Seven horses died after running at Churchill Downs in the leadup to the May 6 Kentucky Derby. Take Charge Briana and Wild on Ice died due to injuries sustained while racing in the days prior to the Derby. Code of Kings, a 3-year-old gelding, broke his neck after flipping in the saddling paddock on April 29. His trainer, Tim Glyshaw, believes flashing lights from a nearby DJ booth spooked him.
Freezing Point, a 3-year-old colt, and Chloe's Dream, a 3-year-old gelding, were euthanized on race day after suffering injuries while racing in undercards to the Kentucky Derby.
Two others — Chasing Artie and Parents Pride — collapsed and died suddenly without apparent injury after racing in the days prior to the Derby.

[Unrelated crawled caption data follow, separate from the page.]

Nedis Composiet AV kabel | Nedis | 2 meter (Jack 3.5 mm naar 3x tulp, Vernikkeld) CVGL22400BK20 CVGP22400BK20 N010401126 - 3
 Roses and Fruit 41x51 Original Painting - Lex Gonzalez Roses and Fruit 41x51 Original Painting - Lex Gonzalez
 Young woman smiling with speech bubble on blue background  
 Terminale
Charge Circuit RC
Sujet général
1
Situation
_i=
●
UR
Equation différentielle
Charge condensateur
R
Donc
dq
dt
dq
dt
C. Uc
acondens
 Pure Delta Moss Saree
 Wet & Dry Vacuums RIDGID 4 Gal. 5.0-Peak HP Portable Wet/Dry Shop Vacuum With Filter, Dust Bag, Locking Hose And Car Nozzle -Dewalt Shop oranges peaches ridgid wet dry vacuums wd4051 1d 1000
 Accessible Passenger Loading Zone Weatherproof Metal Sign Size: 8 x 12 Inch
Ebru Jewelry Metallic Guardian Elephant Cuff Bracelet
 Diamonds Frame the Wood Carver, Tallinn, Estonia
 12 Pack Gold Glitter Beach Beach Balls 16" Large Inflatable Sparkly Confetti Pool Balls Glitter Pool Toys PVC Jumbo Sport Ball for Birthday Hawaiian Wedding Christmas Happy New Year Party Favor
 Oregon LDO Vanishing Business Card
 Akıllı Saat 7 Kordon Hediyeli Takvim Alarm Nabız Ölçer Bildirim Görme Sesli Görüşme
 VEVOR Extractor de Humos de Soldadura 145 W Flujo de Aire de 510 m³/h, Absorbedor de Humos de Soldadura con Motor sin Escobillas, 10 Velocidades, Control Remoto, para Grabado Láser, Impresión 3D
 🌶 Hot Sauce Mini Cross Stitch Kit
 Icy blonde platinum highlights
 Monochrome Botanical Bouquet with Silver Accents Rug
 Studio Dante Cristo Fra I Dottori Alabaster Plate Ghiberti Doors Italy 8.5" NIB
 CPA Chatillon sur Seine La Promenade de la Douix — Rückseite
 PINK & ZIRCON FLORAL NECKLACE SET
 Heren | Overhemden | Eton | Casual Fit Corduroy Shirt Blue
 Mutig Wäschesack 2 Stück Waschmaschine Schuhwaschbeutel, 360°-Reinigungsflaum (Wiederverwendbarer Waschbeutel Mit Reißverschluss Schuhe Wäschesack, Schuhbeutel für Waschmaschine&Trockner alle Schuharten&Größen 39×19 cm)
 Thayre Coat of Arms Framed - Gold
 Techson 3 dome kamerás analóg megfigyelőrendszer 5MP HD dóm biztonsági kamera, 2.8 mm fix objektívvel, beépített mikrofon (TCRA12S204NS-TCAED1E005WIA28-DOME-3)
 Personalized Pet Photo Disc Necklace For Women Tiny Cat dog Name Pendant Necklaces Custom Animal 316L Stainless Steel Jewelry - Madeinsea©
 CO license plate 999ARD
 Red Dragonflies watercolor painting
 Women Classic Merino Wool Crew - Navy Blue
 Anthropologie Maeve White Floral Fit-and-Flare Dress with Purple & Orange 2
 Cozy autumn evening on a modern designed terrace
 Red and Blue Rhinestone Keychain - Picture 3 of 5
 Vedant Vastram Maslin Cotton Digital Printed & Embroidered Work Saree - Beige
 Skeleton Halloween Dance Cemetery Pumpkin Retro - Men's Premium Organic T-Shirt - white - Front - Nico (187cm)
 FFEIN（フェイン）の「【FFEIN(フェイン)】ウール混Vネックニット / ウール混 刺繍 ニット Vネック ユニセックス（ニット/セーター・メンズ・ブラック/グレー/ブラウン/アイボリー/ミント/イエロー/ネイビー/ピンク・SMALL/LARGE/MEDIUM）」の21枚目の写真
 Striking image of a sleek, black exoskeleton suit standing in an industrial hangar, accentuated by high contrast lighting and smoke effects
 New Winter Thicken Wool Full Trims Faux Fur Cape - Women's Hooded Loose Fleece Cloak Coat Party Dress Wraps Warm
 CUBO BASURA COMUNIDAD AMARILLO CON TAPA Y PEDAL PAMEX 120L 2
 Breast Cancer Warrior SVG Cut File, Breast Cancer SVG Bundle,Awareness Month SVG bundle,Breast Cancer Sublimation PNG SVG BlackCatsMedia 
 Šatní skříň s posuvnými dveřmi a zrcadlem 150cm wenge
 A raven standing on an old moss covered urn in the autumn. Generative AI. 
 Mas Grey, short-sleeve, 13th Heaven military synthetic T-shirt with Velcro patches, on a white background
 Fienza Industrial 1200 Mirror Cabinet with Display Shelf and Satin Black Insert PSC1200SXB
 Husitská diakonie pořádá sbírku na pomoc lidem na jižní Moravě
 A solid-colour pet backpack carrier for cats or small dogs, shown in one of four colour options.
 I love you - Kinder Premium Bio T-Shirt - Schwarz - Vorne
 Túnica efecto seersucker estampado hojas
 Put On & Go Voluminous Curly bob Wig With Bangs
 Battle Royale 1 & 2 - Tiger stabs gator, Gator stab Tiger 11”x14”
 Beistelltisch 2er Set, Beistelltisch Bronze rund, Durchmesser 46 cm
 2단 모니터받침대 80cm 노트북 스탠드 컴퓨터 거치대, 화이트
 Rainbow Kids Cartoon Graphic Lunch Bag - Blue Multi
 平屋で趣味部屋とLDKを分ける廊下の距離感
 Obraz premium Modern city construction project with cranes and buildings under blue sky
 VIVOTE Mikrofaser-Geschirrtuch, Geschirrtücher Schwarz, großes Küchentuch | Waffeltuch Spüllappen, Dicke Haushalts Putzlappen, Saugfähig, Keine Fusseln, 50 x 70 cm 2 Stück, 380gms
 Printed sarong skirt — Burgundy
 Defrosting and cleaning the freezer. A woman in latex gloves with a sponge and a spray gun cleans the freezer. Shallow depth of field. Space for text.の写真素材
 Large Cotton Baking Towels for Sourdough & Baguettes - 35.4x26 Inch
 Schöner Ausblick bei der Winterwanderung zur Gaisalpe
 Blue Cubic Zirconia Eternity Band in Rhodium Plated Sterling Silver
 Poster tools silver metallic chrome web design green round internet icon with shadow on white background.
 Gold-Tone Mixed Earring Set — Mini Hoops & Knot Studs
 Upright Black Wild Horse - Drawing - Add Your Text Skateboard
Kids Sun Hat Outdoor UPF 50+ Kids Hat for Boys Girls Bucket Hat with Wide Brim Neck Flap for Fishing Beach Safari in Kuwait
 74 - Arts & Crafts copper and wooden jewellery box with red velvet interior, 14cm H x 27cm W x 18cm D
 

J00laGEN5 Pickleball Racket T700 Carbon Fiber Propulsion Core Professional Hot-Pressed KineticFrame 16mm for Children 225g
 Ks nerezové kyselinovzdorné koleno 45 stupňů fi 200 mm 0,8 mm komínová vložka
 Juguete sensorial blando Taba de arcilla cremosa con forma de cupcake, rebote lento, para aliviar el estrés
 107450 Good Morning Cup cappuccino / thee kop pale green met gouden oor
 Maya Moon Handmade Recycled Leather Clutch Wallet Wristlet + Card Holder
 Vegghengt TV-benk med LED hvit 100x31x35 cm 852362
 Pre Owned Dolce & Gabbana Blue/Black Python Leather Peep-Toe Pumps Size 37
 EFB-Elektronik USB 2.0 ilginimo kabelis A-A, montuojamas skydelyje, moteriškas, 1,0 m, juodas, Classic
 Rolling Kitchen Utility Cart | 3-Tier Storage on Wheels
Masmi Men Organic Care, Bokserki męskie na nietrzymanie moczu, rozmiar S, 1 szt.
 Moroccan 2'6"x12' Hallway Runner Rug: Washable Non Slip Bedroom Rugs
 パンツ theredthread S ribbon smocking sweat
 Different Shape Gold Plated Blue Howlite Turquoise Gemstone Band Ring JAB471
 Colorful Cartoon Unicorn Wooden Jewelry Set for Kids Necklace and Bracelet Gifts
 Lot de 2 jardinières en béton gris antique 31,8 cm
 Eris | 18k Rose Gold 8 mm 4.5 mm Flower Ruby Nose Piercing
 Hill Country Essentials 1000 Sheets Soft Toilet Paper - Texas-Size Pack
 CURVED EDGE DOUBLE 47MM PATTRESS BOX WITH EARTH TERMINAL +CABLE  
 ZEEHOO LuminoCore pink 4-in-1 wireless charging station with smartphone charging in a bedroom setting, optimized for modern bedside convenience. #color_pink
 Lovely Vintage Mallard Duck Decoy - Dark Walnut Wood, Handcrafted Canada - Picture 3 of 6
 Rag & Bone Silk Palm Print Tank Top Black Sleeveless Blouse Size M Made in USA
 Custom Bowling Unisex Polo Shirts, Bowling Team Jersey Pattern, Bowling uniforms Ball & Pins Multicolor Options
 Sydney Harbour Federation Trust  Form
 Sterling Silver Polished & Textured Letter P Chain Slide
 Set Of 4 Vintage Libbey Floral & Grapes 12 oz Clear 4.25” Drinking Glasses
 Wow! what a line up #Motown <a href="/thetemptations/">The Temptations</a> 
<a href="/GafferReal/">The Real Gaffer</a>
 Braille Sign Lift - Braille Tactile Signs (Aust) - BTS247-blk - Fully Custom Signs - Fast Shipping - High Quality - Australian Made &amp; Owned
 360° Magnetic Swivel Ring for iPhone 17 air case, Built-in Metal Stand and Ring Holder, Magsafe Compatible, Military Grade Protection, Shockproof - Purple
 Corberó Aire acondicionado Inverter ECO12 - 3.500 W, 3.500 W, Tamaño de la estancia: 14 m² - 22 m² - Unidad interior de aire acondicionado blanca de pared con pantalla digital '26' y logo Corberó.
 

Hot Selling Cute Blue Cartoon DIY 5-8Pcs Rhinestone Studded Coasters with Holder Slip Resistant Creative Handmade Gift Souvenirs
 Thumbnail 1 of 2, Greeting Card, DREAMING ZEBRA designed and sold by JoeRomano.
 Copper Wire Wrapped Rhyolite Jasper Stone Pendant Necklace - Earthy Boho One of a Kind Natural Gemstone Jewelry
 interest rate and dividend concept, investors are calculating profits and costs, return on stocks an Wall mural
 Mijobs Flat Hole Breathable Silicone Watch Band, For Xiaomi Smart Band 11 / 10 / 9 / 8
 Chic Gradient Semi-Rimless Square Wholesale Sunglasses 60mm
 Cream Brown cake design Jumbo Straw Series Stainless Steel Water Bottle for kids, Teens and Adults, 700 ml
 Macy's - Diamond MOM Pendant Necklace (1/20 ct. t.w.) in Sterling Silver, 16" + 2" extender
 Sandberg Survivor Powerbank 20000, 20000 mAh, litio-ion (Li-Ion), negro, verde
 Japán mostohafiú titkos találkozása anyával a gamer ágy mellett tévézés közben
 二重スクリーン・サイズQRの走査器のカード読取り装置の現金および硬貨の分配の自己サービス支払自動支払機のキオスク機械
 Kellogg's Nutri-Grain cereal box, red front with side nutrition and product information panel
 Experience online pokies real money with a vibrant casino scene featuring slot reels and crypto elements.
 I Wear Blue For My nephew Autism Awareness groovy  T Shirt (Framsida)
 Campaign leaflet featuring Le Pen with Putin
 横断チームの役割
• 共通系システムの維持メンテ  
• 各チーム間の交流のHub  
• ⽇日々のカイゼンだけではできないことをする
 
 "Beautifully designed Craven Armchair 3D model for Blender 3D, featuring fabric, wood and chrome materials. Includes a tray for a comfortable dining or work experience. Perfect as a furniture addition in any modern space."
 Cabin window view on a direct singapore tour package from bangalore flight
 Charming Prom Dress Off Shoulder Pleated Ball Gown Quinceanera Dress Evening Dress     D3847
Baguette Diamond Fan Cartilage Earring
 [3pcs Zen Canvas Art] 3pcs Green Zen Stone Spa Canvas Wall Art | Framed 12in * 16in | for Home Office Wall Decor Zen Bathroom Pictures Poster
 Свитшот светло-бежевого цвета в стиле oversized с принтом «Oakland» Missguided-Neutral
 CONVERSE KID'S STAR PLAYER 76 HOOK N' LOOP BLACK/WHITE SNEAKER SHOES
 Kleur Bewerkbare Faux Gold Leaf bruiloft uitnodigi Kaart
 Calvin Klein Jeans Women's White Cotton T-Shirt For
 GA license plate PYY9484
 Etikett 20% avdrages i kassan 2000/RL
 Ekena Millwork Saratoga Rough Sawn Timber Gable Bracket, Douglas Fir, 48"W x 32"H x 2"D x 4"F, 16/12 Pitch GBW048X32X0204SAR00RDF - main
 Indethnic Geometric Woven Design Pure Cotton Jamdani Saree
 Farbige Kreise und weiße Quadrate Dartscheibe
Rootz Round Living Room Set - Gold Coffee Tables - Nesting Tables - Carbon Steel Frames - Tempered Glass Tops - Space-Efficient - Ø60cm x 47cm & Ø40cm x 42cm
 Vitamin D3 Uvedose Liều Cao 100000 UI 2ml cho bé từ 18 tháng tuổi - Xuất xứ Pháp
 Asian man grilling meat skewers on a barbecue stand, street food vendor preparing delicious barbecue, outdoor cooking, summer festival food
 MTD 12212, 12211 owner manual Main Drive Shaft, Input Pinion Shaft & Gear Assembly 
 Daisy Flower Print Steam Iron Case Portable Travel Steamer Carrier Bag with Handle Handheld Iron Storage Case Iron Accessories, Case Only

They were both owned by Ken Ramsey, ridden by Luis Saez and trained by Saffie Joseph Jr. Churchill Downs suspended Joseph and scratched his horse, Lord Miles, from competing in the Kentucky Derby. The causes of death remain under investigation.
Racing-related horse fatalities have plagued Churchill Downs and tracks across the sport in recent years. The Courier-Journal reported in 2019 that the Churchill Downs death rate of 2.73 per 1,000 starts in 2018 was the second-highest among 25 tracks that publicly reported horse fatalities. Its rate of 2.42 per 1,000 (43 total deaths) from 2016 through 2018 was 50% higher than the national average over the same time, according to the report.
More than 7,200 horses died in total from racing injuries from 2009 to 2021, according to Jockey Club data cited by the Courier-Journal.